Oder um die Frage 1 des alten Schulkatechismus zu zitieren: „Wozu sind wir auf Erden? Wir sind auf Erden, um Gott zu erkennen, ihn zu lieben, ihm zu dienen und einst ewig bei ihm zu leben.“

Und eben diese Perspektive auf das Kreuzesopfer hat die Tageslesung des Breviers bereits geöffnet mit der Perikope aus dem Alten Testament über den Aufstieg Abrahams und seines geliebten Sohnes Isaak – den dort auf dem Altar blutig zu opfern Abraham im Gehorsam seiner Liebe zu Gott entschlossen war.

Diese unerhörte Erzählung des alten Testamentes wird in der hier konsultierten Literatur zu den Sonntagen des Kirchenjahres mit größter Diskretion behandelt, und das nicht erst seit „dem Konzil“. Mein vorkonziliarer Schott von 1953 begnügt sich mit dem vagen Hinweis: „Im Stundengebet des heutigen Sonntags sind wir Zeugen der heroischen Ge­hor­samstat des Abraham, der auf Gottes Befehl seine Heimat verläßt. Zur hl. Messe versammeln wir uns im Geiste beim hl. Petrus…“ Selbst der unerschrockene Dom Gue­ranger, der das Brevier regelmäßig in seine Abhandlungen einbezieht, hält sich bei diesem Opfergang auffällig zurück.

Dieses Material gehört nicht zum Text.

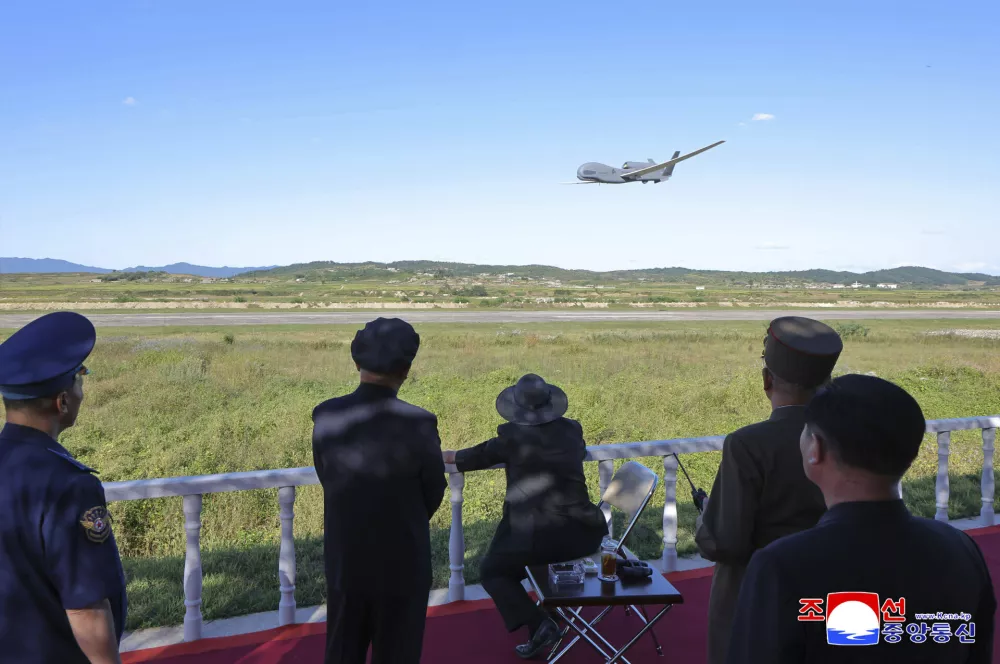 This photo provided by the North Korean government, shows North Korean leader Kim Jong Un inspects a test of a drone at an undisclosed place in North Korea Thursday, Sept. 18, 2025. Independent journalists were not given access to cover the event depicted in this image distributed by the North Korean government. The content of this image is as provided and cannot be independently verified. Korean language watermark on image as provided by source reads: "KCNA" which is the abbreviation for Korean Central News Agency. (Korean Central News Agency/Korea News Service via AP)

Allein im „Jahr des Heils“ von Pius Parsch findet sich eine ausführlichere Behandlung des Thema, die erst geeignet ist, den ganzen Zusammenhang zwischen den Opfern des Alten und dem einzigen Opfer des Neuen Bundes besser hervortreten zu lassen. Unter der Überschrift „Ein Passionsspiel im Alten Bund“ schreibt er:

Es begint ein Zitat

Es tritt auf der Erzvater Abraham, der Mann des Glaubensgehorsams. Der Sinn und Grundzug seines Lebens war volle Hingabe an Gott. Schon in seiner Jugend nahm ihn Gott aus seiner Heimat und führte ihn in das fremde Land Kanaan. Heimatlos sollte er ganz auf Gott vertrauen. Der Herr verhieß ihm einen Leibeserben; Abraham hoffte wider die Hoffnung bis zum hundertsten Lebensjahre. Nun schenkte ihm Sara einen Sohn. Der Knabe wuchs heran zur Freude seiner Eltern; der Knabe wurde zum Jüngling. Eines Nachts stand Gott vor Abraham: Er soll sein Kind mit eigener Hand schlachten. Abraham tut es. Auf dem Berge, wo später die Opferlämmerals Vorbilder Christi verbluteten, wo Christus selbst sterben sollte, am Berge Moria sehen wir den greisen Patri­archen vor dem Altar stehen, auf dem Isaak gebunden liegt. Er ist Opferprie­ster, das Opfer, das er darbringt, ist Glaube, ist lauterster Wille.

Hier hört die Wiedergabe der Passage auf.